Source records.

+++

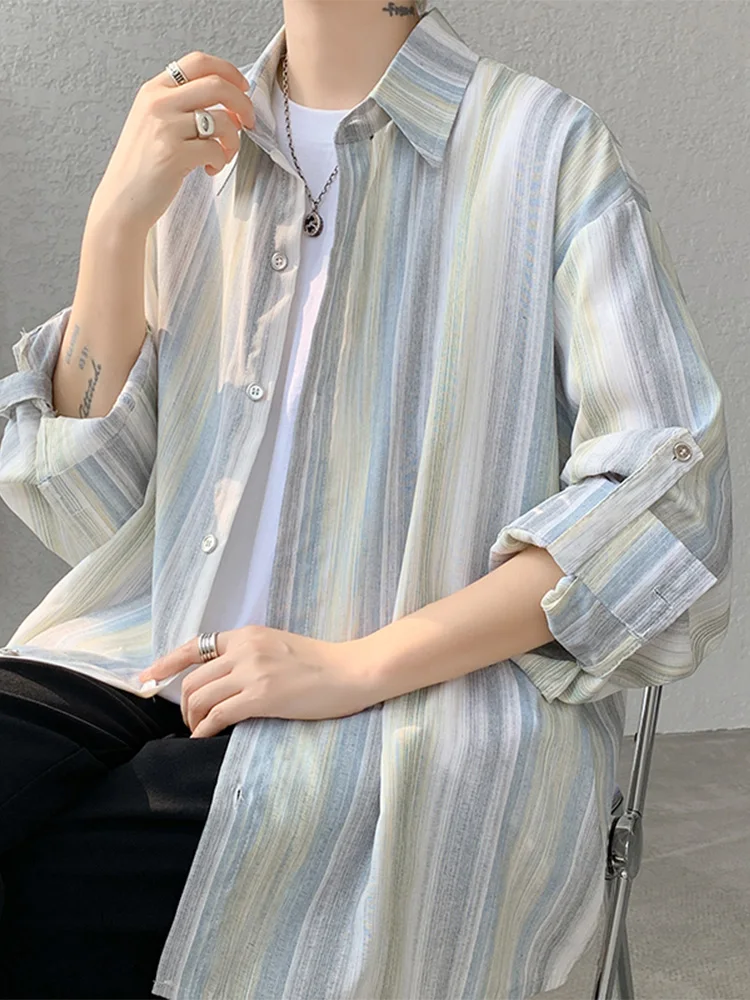 

Ice Silk Stripe Men's Long Sve irt Summer Thin Casual Sun Protection Faion Brand Loose Seven Sve Outerwear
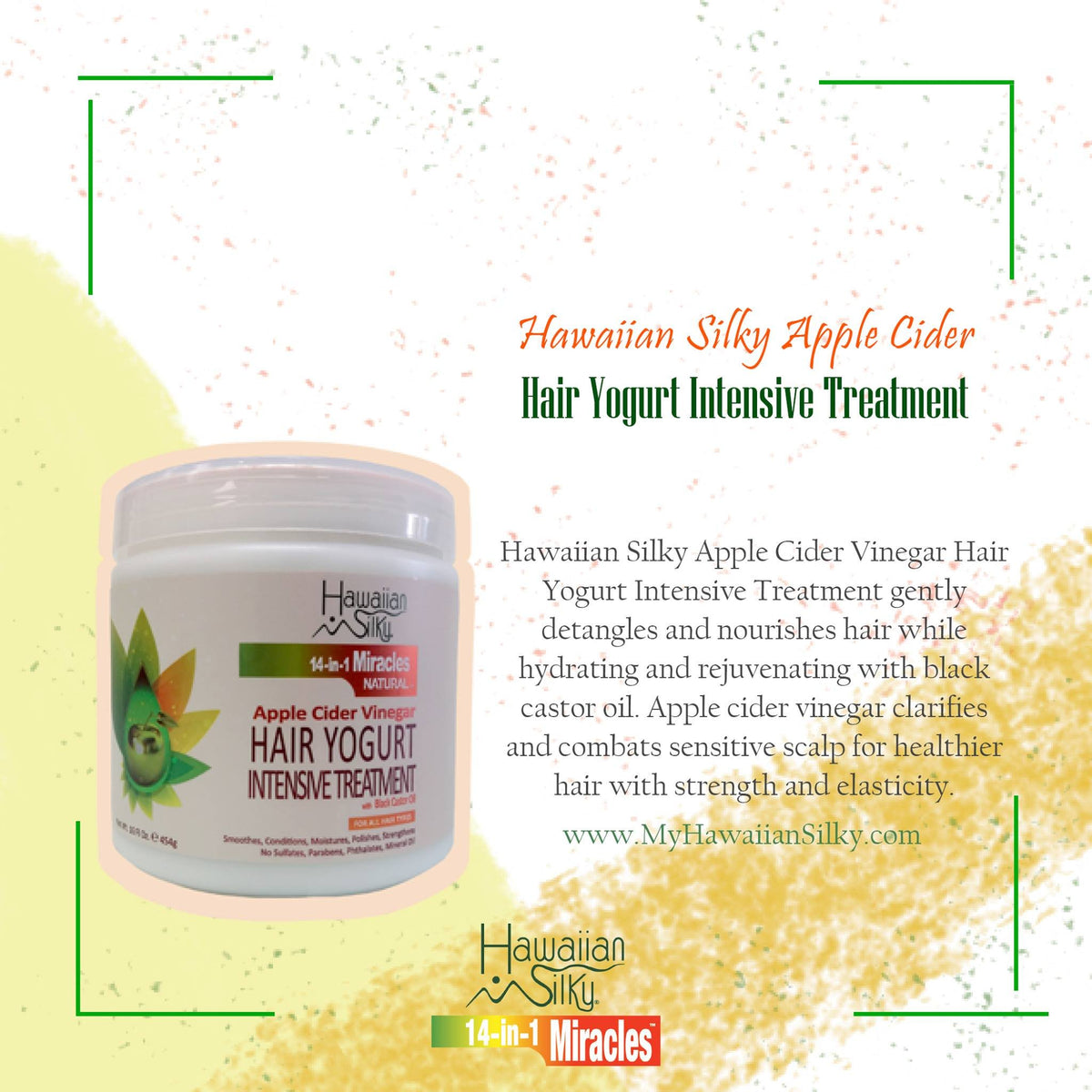 Hawaiian Silky Hair Conditioner, 14-in-1 Miracles Intensive Treatment with Black Castor Oil, 16 fluid ounces, White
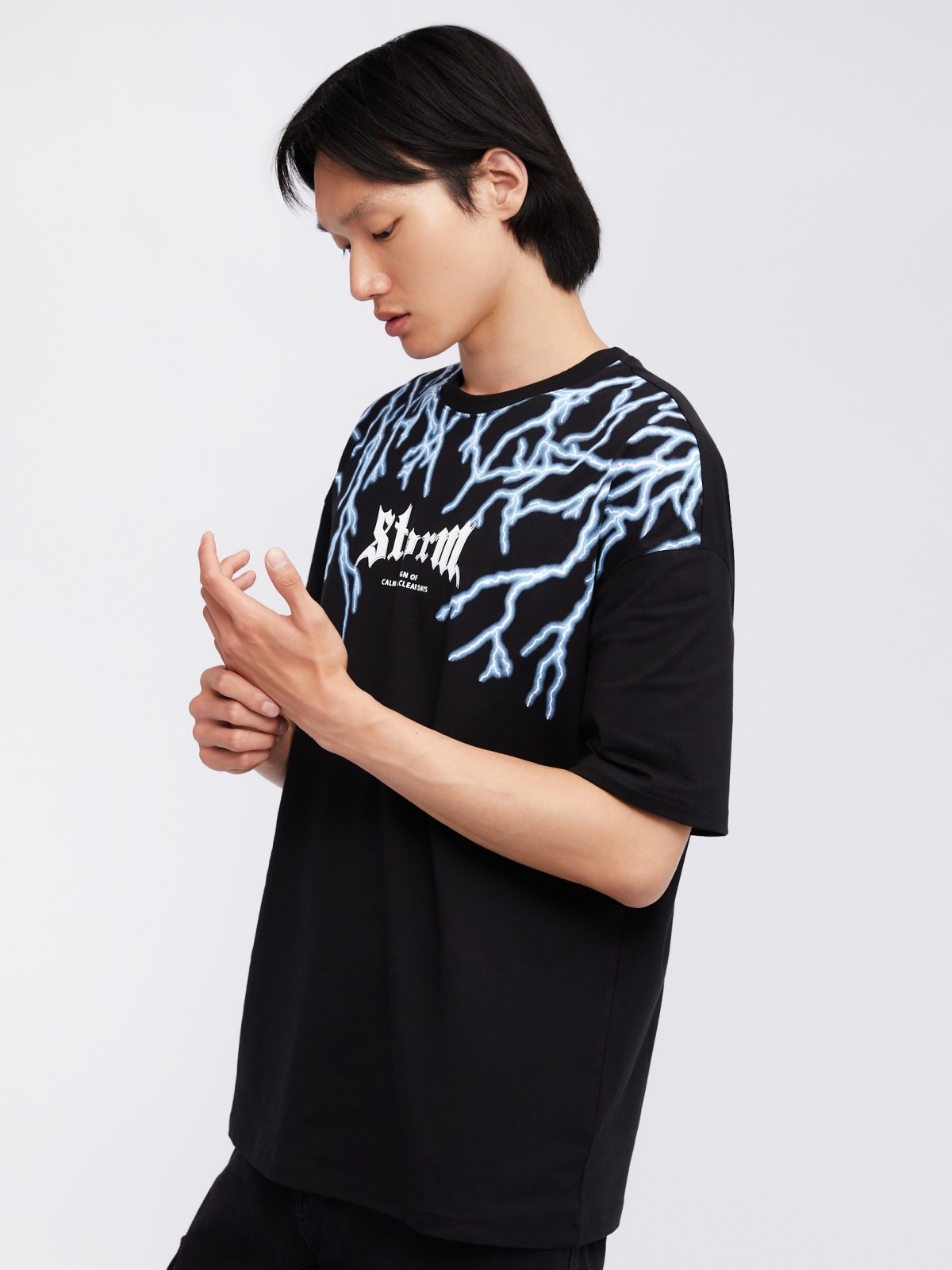 Футболка оверсайз силуэта из хлопка с принтом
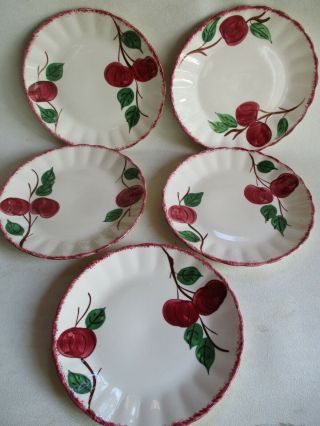 Blue Ridge Crab Apple Salad Plates 5 Southern Potteries 7 - 1/4 " Luncheon Vintage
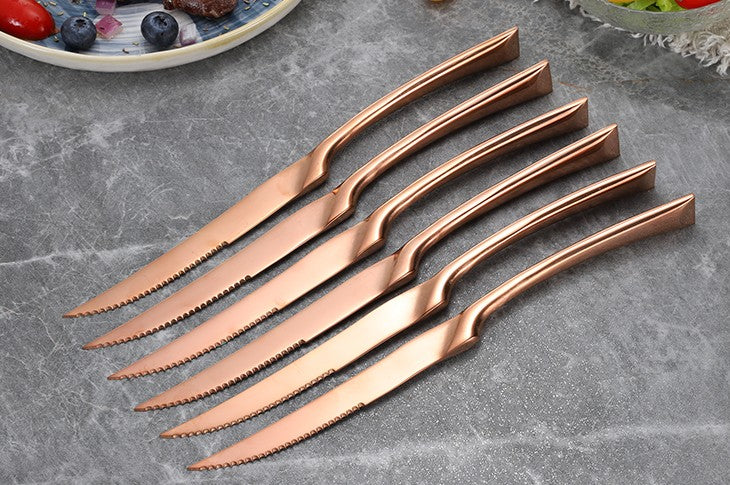 Lot de 6 couteaux à steak inox or rose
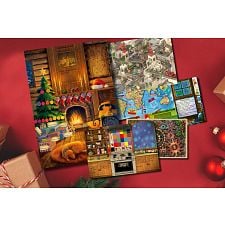 6 Card Bundle - Christmas Puzzle Postcards - 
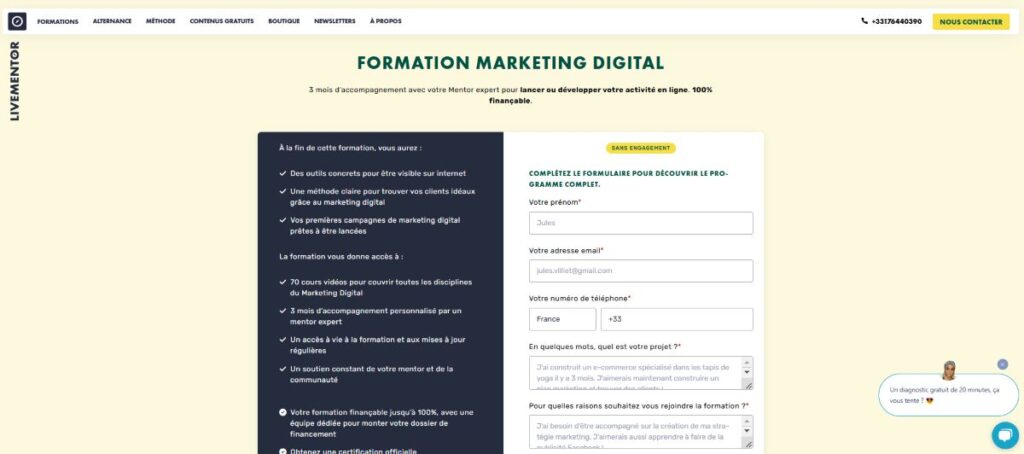 interface formation marketing digital de livementor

+++

EXERCISE INSTRUCTIONS. Please transcribe each entry exactly, but skip any picture it holds.

EXERCISE RESULT.
Ice Silk Stripe Men's Long Sve irt Summer Thin Casual Sun Protection Faion Brand Loose Seven Sve Outerwear
 Hawaiian Silky Hair Conditioner, 14-in-1 Miracles Intensive Treatment with Black Castor Oil, 16 fluid ounces, White
 Футболка оверсайз силуэта из хлопка с принтом
 Blue Ridge Crab Apple Salad Plates 5 Southern Potteries 7 - 1/4 " Luncheon Vintage
 Lot de 6 couteaux à steak inox or rose
 6 Card Bundle - Christmas Puzzle Postcards - 
 interface formation marketing digital de livementor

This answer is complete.